Published: 3/14/2023 3:51:49 PM
Modified: 3/14/2023 3:51:29 PM

By Carla Charter

Scott Robinson remembers being an 11-year-old paperboy for the Athol Daily News, selling newspapers in front of the L.S. Starrett Company. One day in particular though stands out. November 22, 1963, the day President John F. Kennedy was assassinated.

“David Muzzy and I had paper routes at Starrett. David had the main office and I had the factory. On the day of the assassination, I was walking home from Riverbend School, up the hill by Union Twist Drill and a fellow from the Athol Daily News drove by. He asked me if I was a paperboy for the Athol Daily News and told me I had to get to the Athol Daily immediately,” he said.

The news office at the time, Robinson explained, was on Main Street.“We walked down the side of the library alleyway to the Athol Daily News. The circulation director was waiting for us kids. He said remember the Little Rascals when they stood on the New York street corner screaming Extra! Extra! read all about it? Today is your day,” Robinson said.
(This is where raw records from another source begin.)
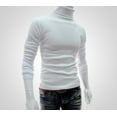 thumbnail image 4 of Men High Roll Turtle Neck Pullover Knitted Jumper Sweatshirt Tops Sweater Blouse, 4 of 5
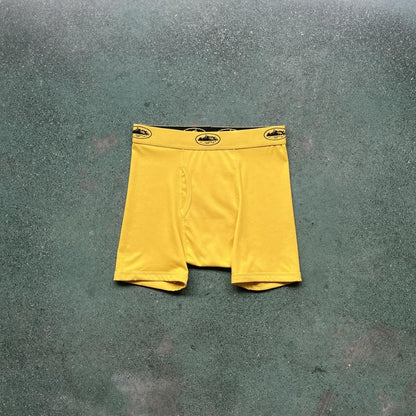 Corteiz (3-pack) ALCATRAZ Boxer Briefs-C Star Yellow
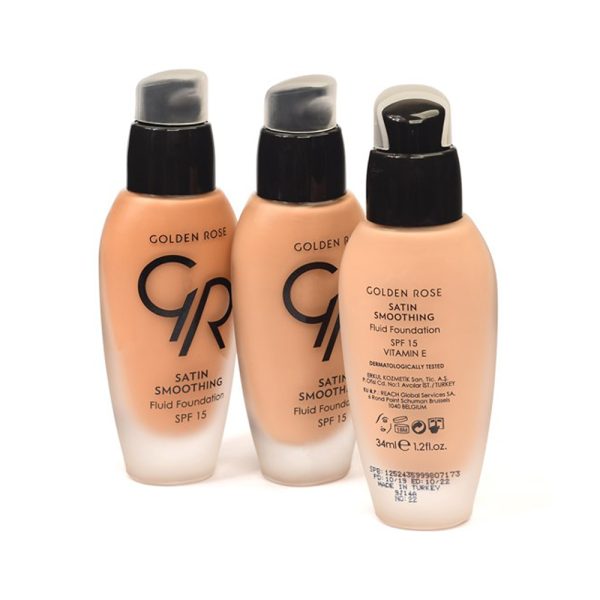 کرم پودر گلدن رز Golden Rose مدل Satin Smoothing حاوی SPF15 حجم 34 میلی لیتر - Image 9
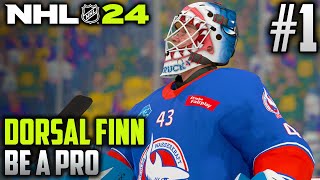 NHL 24 Be a Pro | Dorsal Finn (Goalie) | EP1 | ACTION-PACKED DEBUT IN EUROPE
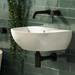 Milton 440 x 365 Wall Hung Curved Basin (0 Tap Hole) profile small image view 2 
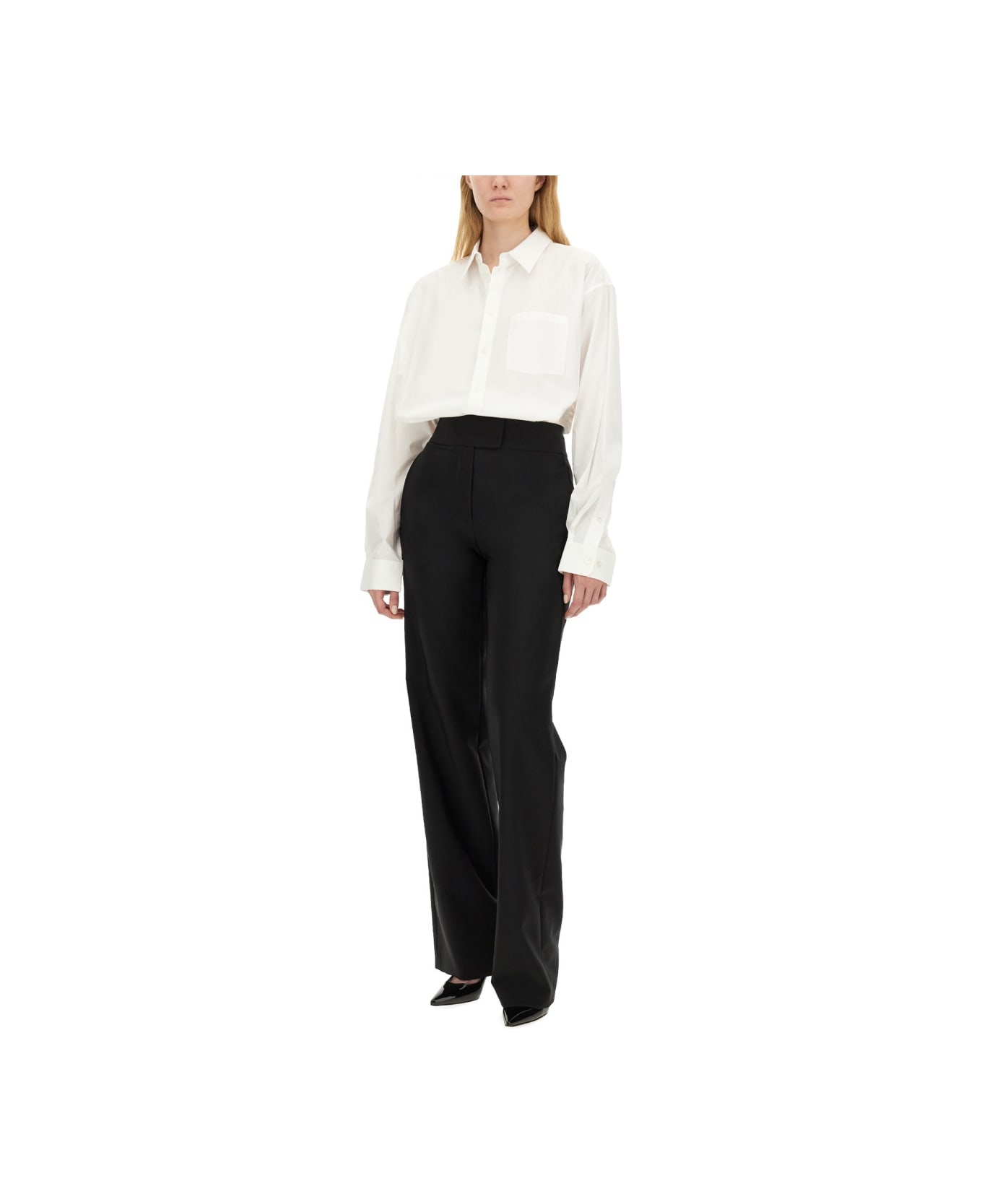 Helmut Lang Oversized Shirt - WHITE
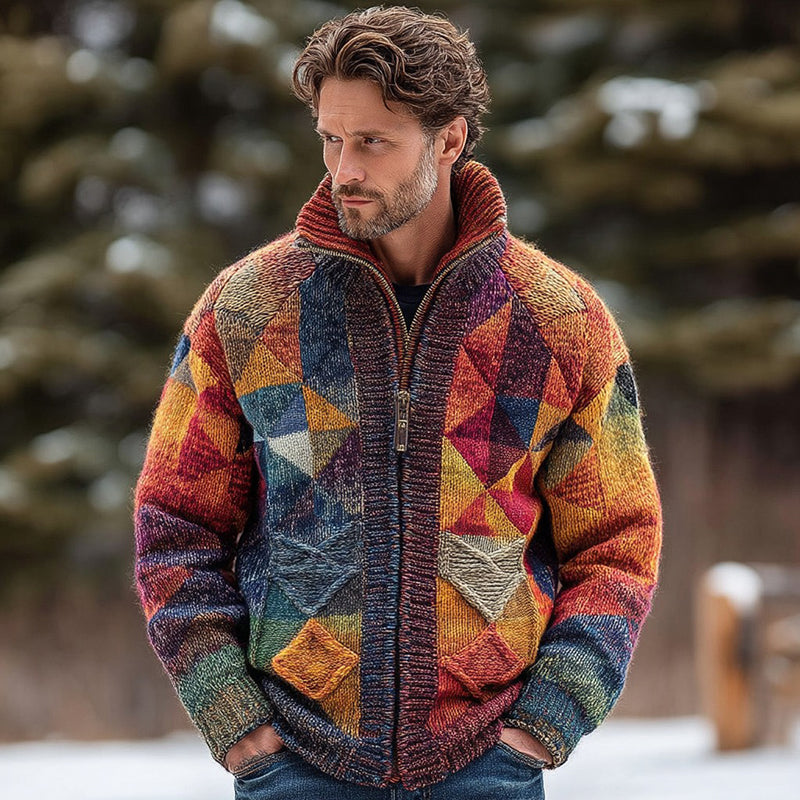 Cardigan au design réfléchi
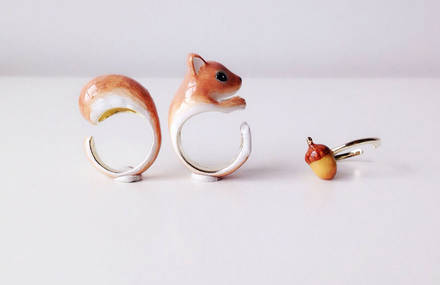 Three Pieces Animal Rings
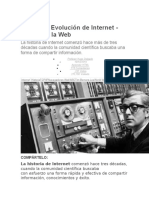 Historia y Evolución de Internet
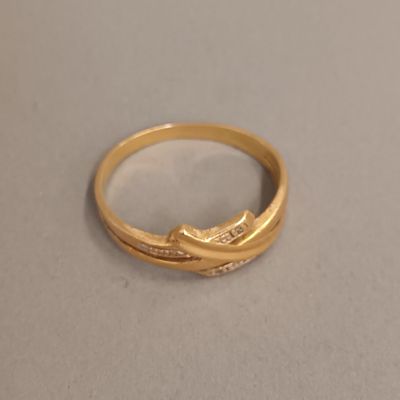 Bague en or jaune 18K Pds : 3,4 g - Photo 1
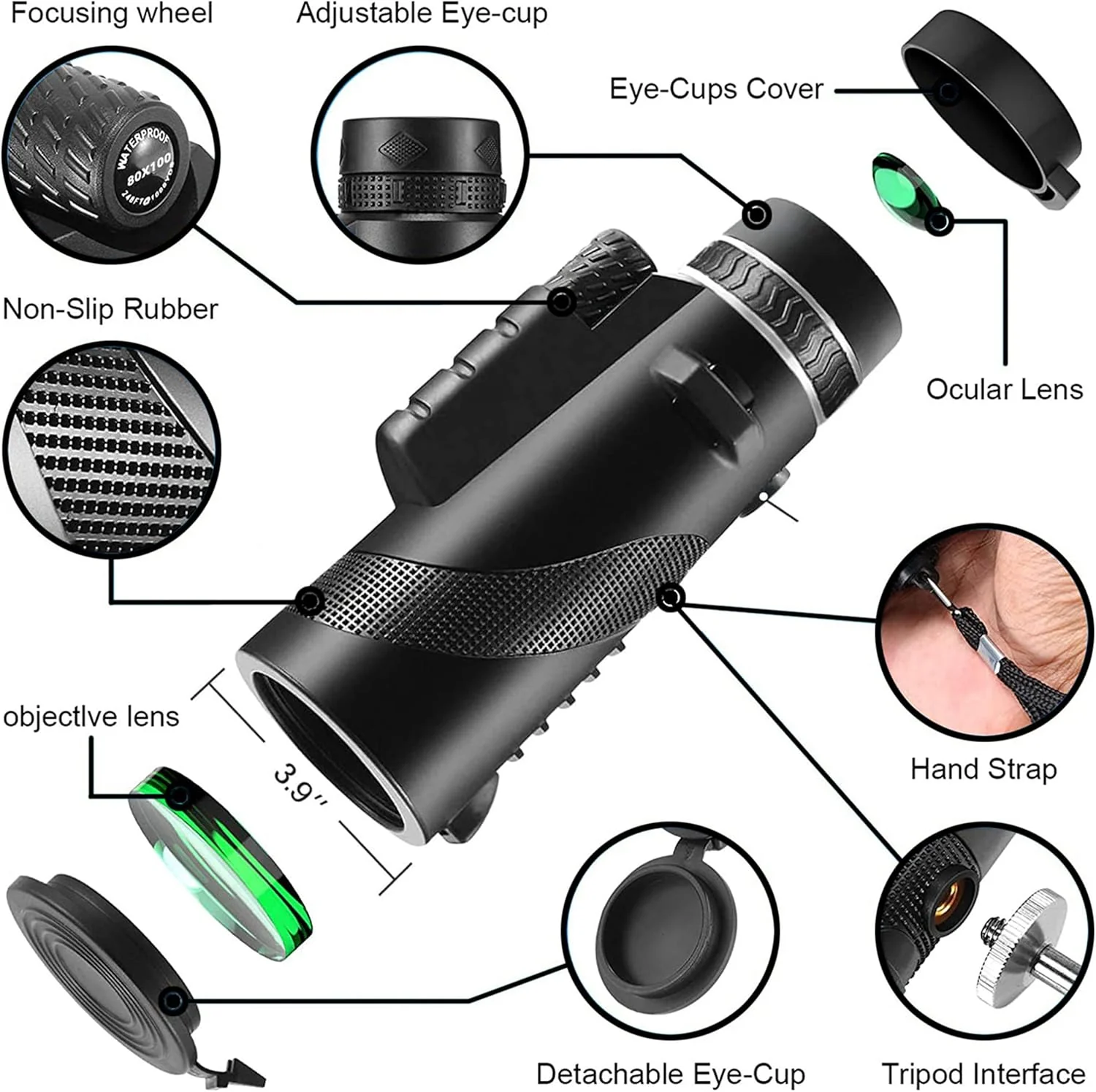 Monocular Telescope With Smartphone Holder & Tripod - Image 9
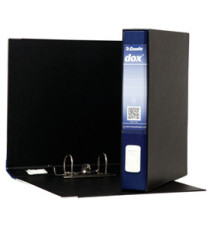 Registratore Dox 4  - dorso 5 cm - commerciale 23x29,7 cm - blu - Esselte Dox Registratore Dox 4  - dorso 5 cm - commerciale 23x29,7 cm - blu - Esselte Dox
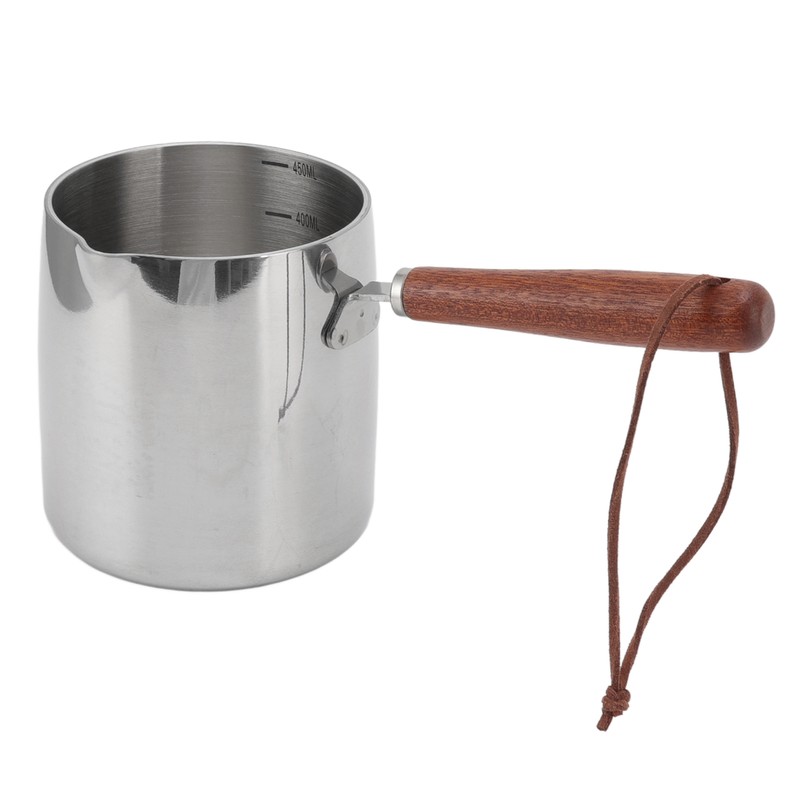 450ML Stainless Steel Butter Warmer Mini Butter Coffee Milk Pot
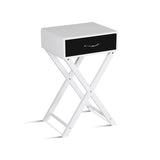 Modern X-Shape Accent Side End Table-Black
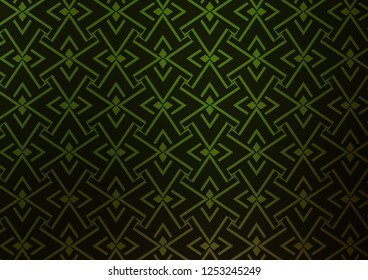 Light Green vector backdrop with long lines. Shining colored illustration with narrow lines. Pattern for ads, posters, banners.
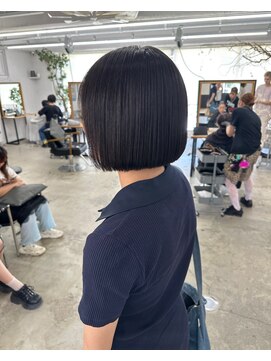 ソーソー(SoSo) 縮毛矯正×ボブミルクブラウン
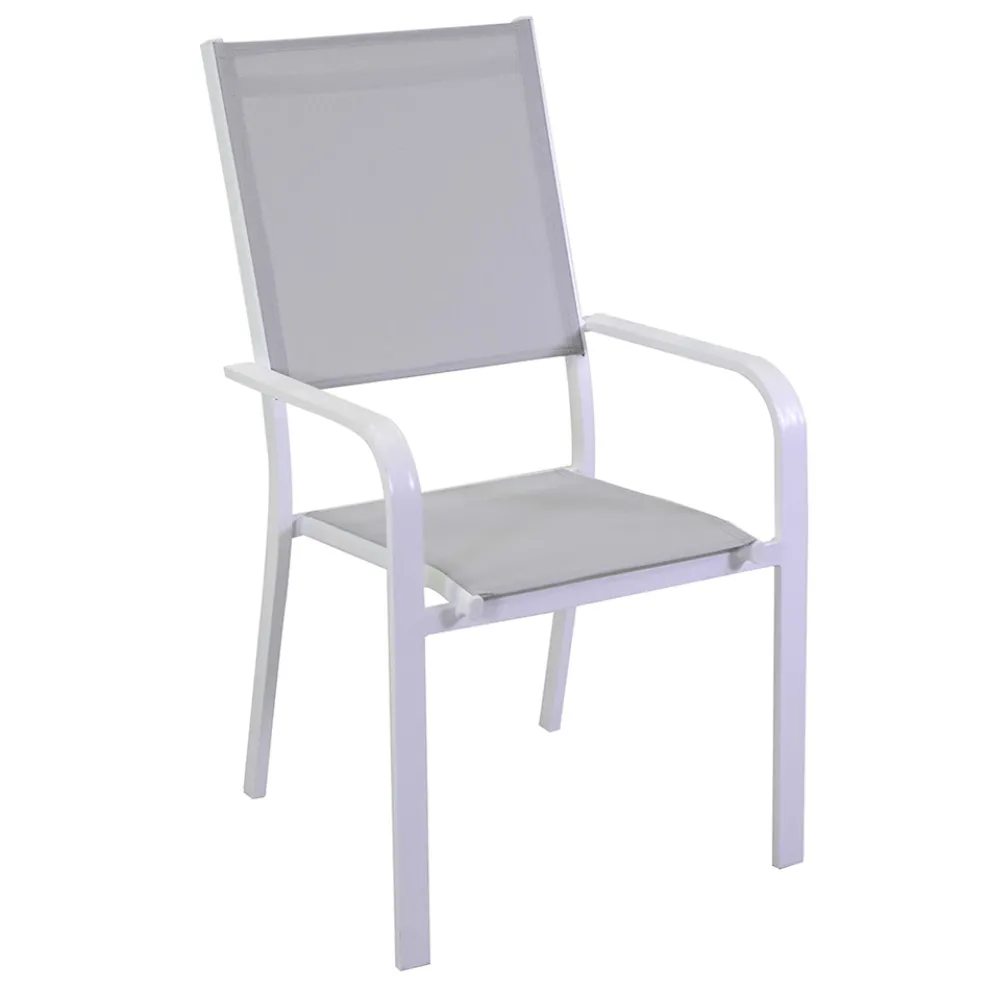 Outdoor-Sessel aus Aluminium und Textilene - Solar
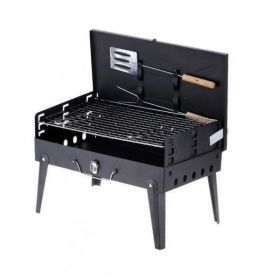 Gratar pliabil pentru gradina cu accesorii BBQ incluse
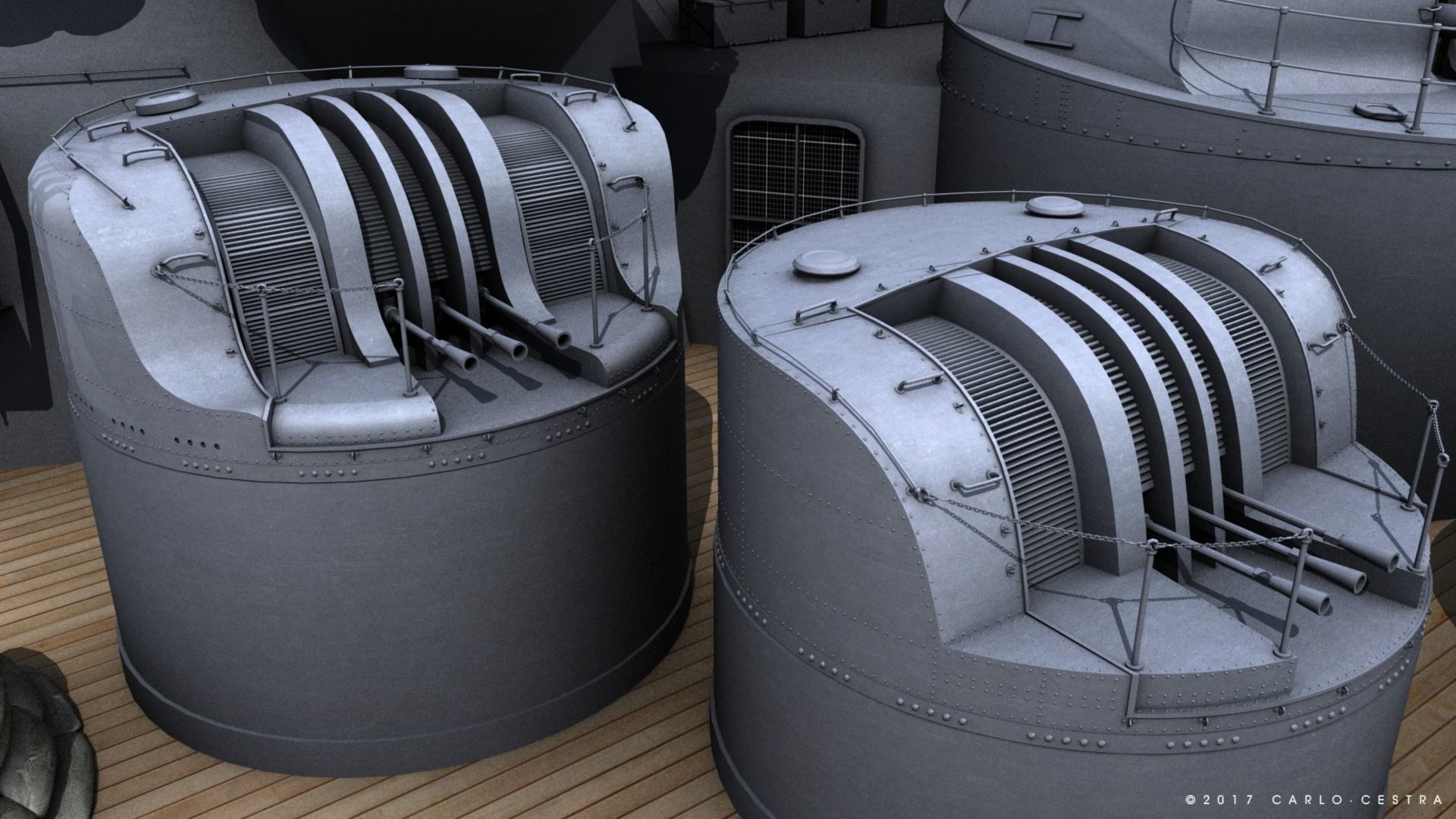 BATTLESHIP YAMATO TEN ICHIGO 3D model_18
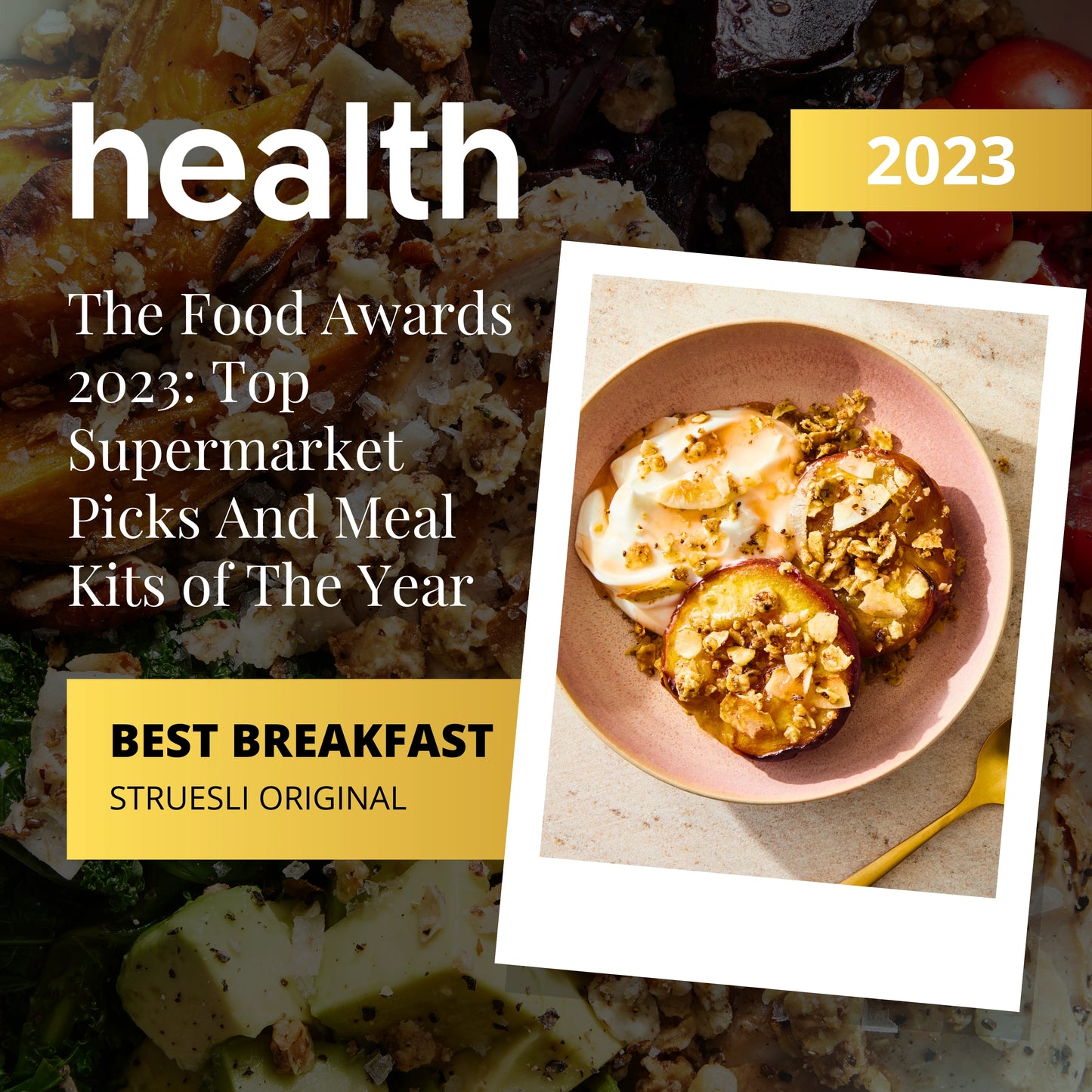 Struesli has been selected as a winner in The Food Awards 2023: Top Supermarket Picks and Meal Kits of the year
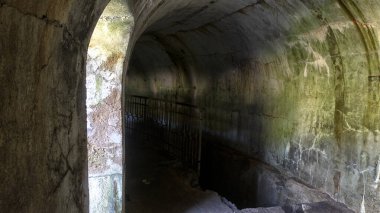 Askeri savunma tahkimatı. Fort Pospelov 'da. Vladivostok Rusya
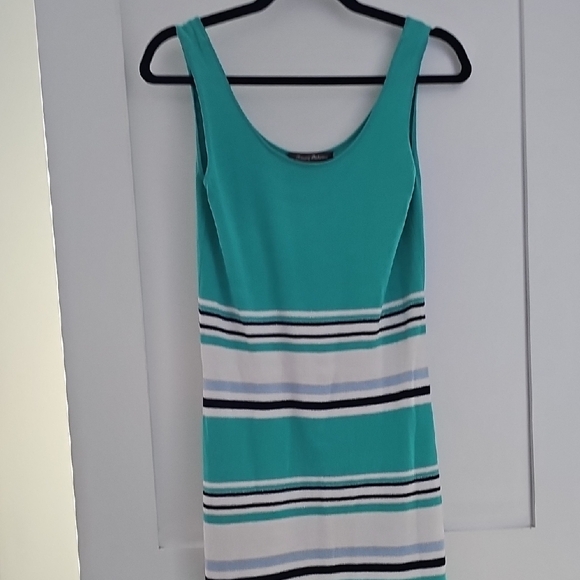 Tommy Bahama Teal and White Striped Dress Size XS - Picture 5 of 12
“He loaded Dave and I with papers and we ran from the Daily News, up Main Street and past Town Hall. We took a left onto Crescent Street and went into the building. At that time the wooden building was a polishing room. It was populated with 20 to 30 women, running the polishing machines.” Usually, Robinson explained, he would wait outside the Starrett factory every day and sell papers from 4-5 p.m. when the workers would file out and buy a newspaper from him. This day instead, Robinson went directly into the building.

“There were rumors (about the assassination), no one exactly knew what was going on and I was mobbed by the workers. The papers were 7 cents at the time. They were throwing me dimes and quarters for a paper, I was yelling that I could not make change. Back in those days there were no radios at work, there were no cell phones. There were just rumors. Everybody heard rumors and they were frantic to get a paper.”

Robinson has other paper boy memories as well. Among them were Thursdays at Starrett’s when the workers would get paid in cash. “I would run errands for the workers in Department 9, an assembly department. Many of them would give me an envelope to run downtown to pay their electric bill or phone bill. In return I would get a quarter and would get a chocolate covered doughnut at the Athol Bake Shop, something they were famous for.” Robinson also recalled Mr. Green and Mr. McCobb, who set up a desk in the boiler room for him to do homework on.

Robinson said he delivered papers until he was 14, then was able to get a work permit and worked at Athol Memorial Hospital. In 1971 Robinson started working at Starrett and has now been there 52 years, currently working as a technical support person at the company.